__Material provided__

......

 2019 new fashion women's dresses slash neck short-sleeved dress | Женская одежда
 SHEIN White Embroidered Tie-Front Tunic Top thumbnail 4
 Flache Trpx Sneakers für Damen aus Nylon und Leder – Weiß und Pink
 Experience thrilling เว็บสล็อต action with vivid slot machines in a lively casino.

......

Exactly as given, restate all the lines above.

__Expected output__
 2019 new fashion women's dresses slash neck short-sleeved dress | Женская одежда
 SHEIN White Embroidered Tie-Front Tunic Top thumbnail 4
 Flache Trpx Sneakers für Damen aus Nylon und Leder – Weiß und Pink
 Experience thrilling เว็บสล็อต action with vivid slot machines in a lively casino.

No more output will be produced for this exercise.